DSPy's stock adapters (ChatAdapter, JSONAdapter, XMLAdapter) don't know about either format. They ask the model for their own delimiter / JSON / tagged-field schemes, which Qwen will follow via in-context compliance — but that drifts the model off its trained multi-turn distribution and silently loses quality on longer chains, or outright fails when the model's output mixes formats.

This adapter:

  • Prompts the model in Qwen 3.5's canonical format. In-context compliance pulls Qwen 3 to the same format via prompt exemplar, so a single adapter covers both generations.
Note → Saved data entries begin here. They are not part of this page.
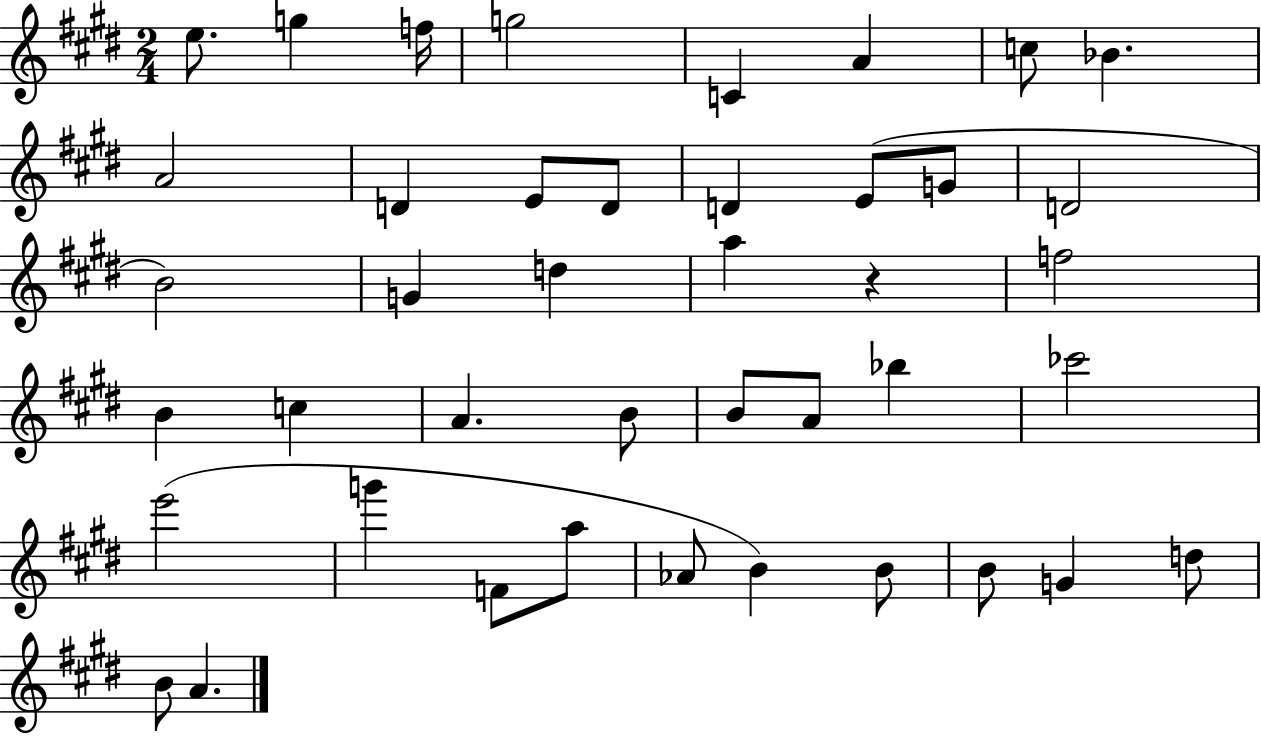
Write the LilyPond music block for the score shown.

{
  \clef treble
  \numericTimeSignature
  \time 2/4
  \key e \major
  \repeat volta 2 { e''8. g''4 f''16 | g''2 | c'4 a'4 | c''8 bes'4. | \break a'2 | d'4 e'8 d'8 | d'4 e'8( g'8 | d'2 | \break b'2) | g'4 d''4 | a''4 r4 | f''2 | \break b'4 c''4 | a'4. b'8 | b'8 a'8 bes''4 | ces'''2 | \break e'''2( | g'''4 f'8 a''8 | aes'8 b'4) b'8 | b'8 g'4 d''8 | \break b'8 a'4. | } \bar "|."
}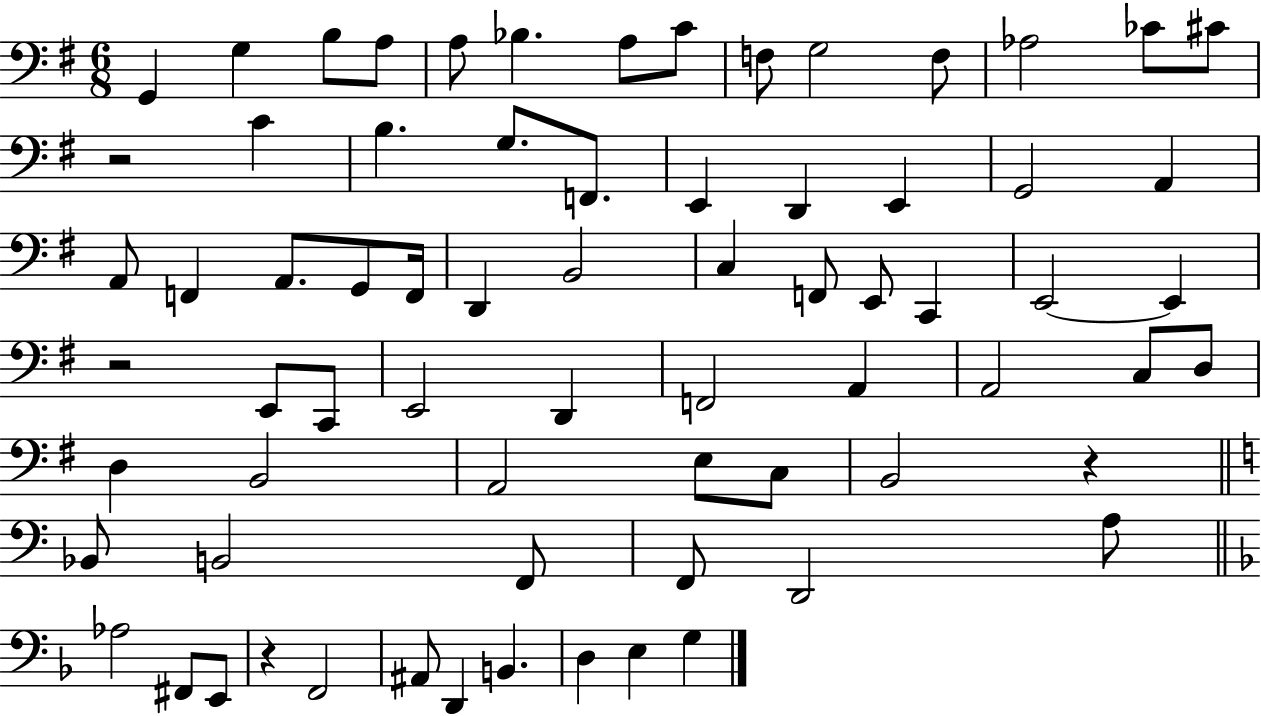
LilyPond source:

{
  \clef bass
  \numericTimeSignature
  \time 6/8
  \key g \major
  g,4 g4 b8 a8 | a8 bes4. a8 c'8 | f8 g2 f8 | aes2 ces'8 cis'8 | \break r2 c'4 | b4. g8. f,8. | e,4 d,4 e,4 | g,2 a,4 | \break a,8 f,4 a,8. g,8 f,16 | d,4 b,2 | c4 f,8 e,8 c,4 | e,2~~ e,4 | \break r2 e,8 c,8 | e,2 d,4 | f,2 a,4 | a,2 c8 d8 | \break d4 b,2 | a,2 e8 c8 | b,2 r4 | \bar "||" \break \key c \major bes,8 b,2 f,8 | f,8 d,2 a8 | \bar "||" \break \key f \major aes2 fis,8 e,8 | r4 f,2 | ais,8 d,4 b,4. | d4 e4 g4 | \break \bar "|."
}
Benchmarks below show zero parse failures across 880 runs spanning three models.
  • Replays multi-turn trajectories using the Qwen chat-template shape (<tool_call> on assistant turns, <tool_response name="..."> on tool turns) so long agent runs stay in-distribution.
  • Bypasses the inference server's tool-call parser entirely (never passes tools=[]), so it works even on servers whose native Qwen parsers have known bugs.
  • Strips leaked <think> tags from completions before parsing.
  • Rescues empty text turns by falling back to reasoning_content — important for thinking-mode models on LM Studio, where the server can route the entire completion into a side channel and leave text empty.
  • Inherits XMLAdapter for plain dspy.Predict / ChainOfThought — non-tool-calling paths get <field>content</field> tags, which is still in Qwen's XML-heavy training distribution, plus demos and dspy.History support for free.

Benchmark results

880 total runs: 4 adapters × 8 scenarios × 5 runs × 3 models, each scored by an LLM judge. See docs/benchmarks.md for methodology, per-cell reasoning, and limitations.

Legend:

  • Task success = fraction of 5 runs where the LLM judge scored the final answer correct. (A cheap substring metric is also recorded; it agrees with the judge on every cell except one infrastructure anomaly, so we report only the judge value here.)
  • Tool-fail / run = average number of tool-call executions per run that raised an exception — ReAct recovered, but each one is a wasted turn. Shown in a separate sparse table; only non-zero cells included.
  • ⚠ marks cells where every run had a parse failure (adapter couldn't extract output fields from the LM response).

qwen3.5-35b-a3b

Task success

scenario chat json xml qwen
s1 100% 100% 100% 100%
s3 100% 100% 0% 100%
s10 100% 100% 100% 100%
s_sql 100% 100% 100% 100%
s_code 100% 100% 100% 100%
s_echo 100% 100% 100% 100%
s_deep 100% 100% 80% 100%
s_i18n 0% 40% 0% 80%

Tool-fail / run

scenario chat json xml qwen
s1 0.00 0.00 0.00 0.00
s3 0.00 0.00 0.00 0.00
s10 0.00 0.80 0.40 0.00
s_sql 0.00 0.00 0.00 0.00
s_code 0.00 0.00 0.00 0.00
s_echo 0.00 0.40 0.20 0.00
s_deep 0.60 0.20 2.20 0.00
s_i18n 0.00 0.00 0.00 0.00

qwen3.5-4b

Task success

scenario chat json xml qwen
s1 100% 100% 100% 100%
s3 100% 100% 100% 100%
s10 100% 100% 100% 100%
s_sql 100% 100% 100% 100%
s_code 100% 100% 0% 100%
s_echo 100% 80% 100% 100%
s_deep 100% 100% 100% 100%
s_i18n 100% 0% 0% 0%

Tool-fail / run

scenario chat json xml qwen
s1 1.00 0.00 0.00 0.00
s3 0.00 0.00 0.00 0.00
s10 0.00 0.00 0.00 0.00
s_sql 0.00 0.00 0.00 0.00
s_code 0.00 0.00 0.00 0.00
s_echo 0.00 0.00 0.00 0.00
s_deep 1.00 0.00 0.00 0.00
s_i18n 0.00 0.00 0.00 0.00

qwen3-4b (out-of-distribution — Hermes-format model)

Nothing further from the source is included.